Records from a data source:
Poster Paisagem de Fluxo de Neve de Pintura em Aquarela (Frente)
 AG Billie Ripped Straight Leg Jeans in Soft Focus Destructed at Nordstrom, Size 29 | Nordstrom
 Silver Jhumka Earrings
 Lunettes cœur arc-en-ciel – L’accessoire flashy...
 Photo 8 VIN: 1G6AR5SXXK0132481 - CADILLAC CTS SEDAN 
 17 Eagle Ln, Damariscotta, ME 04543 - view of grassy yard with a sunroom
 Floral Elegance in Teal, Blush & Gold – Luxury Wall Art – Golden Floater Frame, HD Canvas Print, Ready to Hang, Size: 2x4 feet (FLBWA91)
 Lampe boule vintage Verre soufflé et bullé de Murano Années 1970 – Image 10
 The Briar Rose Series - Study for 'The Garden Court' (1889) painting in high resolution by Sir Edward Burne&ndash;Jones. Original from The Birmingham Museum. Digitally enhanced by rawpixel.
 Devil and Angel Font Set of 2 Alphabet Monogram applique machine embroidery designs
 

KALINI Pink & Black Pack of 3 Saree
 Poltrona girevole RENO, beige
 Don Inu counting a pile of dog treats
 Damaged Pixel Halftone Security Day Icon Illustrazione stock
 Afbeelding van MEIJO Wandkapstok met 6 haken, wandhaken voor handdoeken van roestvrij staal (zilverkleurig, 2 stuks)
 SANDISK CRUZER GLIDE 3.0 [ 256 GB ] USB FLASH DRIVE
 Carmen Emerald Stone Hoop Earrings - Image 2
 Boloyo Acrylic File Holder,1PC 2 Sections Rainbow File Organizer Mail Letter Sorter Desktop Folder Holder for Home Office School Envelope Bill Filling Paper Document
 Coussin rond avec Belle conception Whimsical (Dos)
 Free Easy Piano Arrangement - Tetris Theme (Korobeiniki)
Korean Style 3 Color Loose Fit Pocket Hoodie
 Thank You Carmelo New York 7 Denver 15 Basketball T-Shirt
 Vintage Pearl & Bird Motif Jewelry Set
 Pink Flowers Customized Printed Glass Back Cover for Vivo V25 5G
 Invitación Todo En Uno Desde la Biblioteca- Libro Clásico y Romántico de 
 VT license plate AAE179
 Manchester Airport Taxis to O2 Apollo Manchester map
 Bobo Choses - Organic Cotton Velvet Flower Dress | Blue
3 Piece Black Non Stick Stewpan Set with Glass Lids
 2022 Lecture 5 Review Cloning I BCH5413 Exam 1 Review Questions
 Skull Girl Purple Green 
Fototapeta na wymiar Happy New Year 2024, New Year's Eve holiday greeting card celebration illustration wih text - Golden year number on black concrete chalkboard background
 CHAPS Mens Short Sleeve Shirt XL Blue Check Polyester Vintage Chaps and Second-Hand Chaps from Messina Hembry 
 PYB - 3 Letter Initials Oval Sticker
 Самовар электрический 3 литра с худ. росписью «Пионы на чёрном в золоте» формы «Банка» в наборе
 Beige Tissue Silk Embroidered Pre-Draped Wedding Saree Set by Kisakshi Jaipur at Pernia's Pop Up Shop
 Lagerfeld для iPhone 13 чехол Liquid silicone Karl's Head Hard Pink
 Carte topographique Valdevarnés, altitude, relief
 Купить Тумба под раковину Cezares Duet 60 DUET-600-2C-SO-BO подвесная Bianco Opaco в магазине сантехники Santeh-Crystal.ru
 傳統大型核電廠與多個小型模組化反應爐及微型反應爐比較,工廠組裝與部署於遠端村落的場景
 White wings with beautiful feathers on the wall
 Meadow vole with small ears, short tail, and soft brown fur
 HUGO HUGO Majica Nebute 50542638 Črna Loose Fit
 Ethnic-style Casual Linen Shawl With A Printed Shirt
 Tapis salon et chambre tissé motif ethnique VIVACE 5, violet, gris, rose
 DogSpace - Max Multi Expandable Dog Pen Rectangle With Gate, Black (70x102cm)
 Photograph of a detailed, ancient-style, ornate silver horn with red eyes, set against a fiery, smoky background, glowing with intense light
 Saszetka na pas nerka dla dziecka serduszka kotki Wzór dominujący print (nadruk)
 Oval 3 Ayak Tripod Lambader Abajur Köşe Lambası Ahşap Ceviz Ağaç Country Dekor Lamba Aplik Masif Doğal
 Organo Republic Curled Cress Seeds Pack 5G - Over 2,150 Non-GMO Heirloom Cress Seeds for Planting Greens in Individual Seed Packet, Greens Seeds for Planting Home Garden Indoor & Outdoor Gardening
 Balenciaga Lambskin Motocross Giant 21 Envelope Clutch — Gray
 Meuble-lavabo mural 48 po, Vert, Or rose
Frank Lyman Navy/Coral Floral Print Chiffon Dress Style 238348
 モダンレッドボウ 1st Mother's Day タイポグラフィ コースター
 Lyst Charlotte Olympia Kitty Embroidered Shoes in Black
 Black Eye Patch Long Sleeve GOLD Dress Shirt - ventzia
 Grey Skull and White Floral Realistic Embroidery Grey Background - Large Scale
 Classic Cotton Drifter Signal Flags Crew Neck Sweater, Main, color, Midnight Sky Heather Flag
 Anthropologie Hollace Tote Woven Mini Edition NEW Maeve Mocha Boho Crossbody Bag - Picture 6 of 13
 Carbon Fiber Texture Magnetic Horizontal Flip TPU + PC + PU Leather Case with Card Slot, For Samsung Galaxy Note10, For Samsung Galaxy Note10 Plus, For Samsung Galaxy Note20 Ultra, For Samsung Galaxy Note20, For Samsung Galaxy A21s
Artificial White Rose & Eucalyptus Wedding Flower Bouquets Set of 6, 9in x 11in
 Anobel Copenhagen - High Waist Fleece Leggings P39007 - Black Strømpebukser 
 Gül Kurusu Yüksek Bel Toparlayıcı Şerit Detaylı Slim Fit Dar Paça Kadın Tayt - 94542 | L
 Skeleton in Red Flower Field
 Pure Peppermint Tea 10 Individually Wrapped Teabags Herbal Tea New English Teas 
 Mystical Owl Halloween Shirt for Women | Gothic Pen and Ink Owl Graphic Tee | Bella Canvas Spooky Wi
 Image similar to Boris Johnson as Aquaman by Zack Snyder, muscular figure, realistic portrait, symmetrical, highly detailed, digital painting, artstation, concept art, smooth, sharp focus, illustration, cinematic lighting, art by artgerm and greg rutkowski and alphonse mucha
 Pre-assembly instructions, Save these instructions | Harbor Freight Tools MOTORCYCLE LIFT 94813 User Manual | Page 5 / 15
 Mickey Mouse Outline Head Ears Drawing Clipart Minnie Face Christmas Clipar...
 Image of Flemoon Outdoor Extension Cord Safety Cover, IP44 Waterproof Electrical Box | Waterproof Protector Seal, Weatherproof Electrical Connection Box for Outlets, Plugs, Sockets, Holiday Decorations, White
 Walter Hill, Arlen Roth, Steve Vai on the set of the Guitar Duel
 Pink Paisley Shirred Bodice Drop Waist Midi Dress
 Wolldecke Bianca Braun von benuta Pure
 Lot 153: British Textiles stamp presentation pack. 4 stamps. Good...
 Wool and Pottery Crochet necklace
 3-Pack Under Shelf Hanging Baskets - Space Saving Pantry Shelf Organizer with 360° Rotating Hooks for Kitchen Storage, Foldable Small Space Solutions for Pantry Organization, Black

### EXERCISE
Going back over the entries above, copy word for word every line from the one that has "Balenciaga Lambskin Motocross" on through the one that has "Skeleton in Red Flower Field".

### RESPONSE BELOW
 Balenciaga Lambskin Motocross Giant 21 Envelope Clutch — Gray
 Meuble-lavabo mural 48 po, Vert, Or rose
Frank Lyman Navy/Coral Floral Print Chiffon Dress Style 238348
 モダンレッドボウ 1st Mother's Day タイポグラフィ コースター
 Lyst Charlotte Olympia Kitty Embroidered Shoes in Black
 Black Eye Patch Long Sleeve GOLD Dress Shirt - ventzia
 Grey Skull and White Floral Realistic Embroidery Grey Background - Large Scale
 Classic Cotton Drifter Signal Flags Crew Neck Sweater, Main, color, Midnight Sky Heather Flag
 Anthropologie Hollace Tote Woven Mini Edition NEW Maeve Mocha Boho Crossbody Bag - Picture 6 of 13
 Carbon Fiber Texture Magnetic Horizontal Flip TPU + PC + PU Leather Case with Card Slot, For Samsung Galaxy Note10, For Samsung Galaxy Note10 Plus, For Samsung Galaxy Note20 Ultra, For Samsung Galaxy Note20, For Samsung Galaxy A21s
Artificial White Rose & Eucalyptus Wedding Flower Bouquets Set of 6, 9in x 11in
 Anobel Copenhagen - High Waist Fleece Leggings P39007 - Black Strømpebukser 
 Gül Kurusu Yüksek Bel Toparlayıcı Şerit Detaylı Slim Fit Dar Paça Kadın Tayt - 94542 | L
 Skeleton in Red Flower Field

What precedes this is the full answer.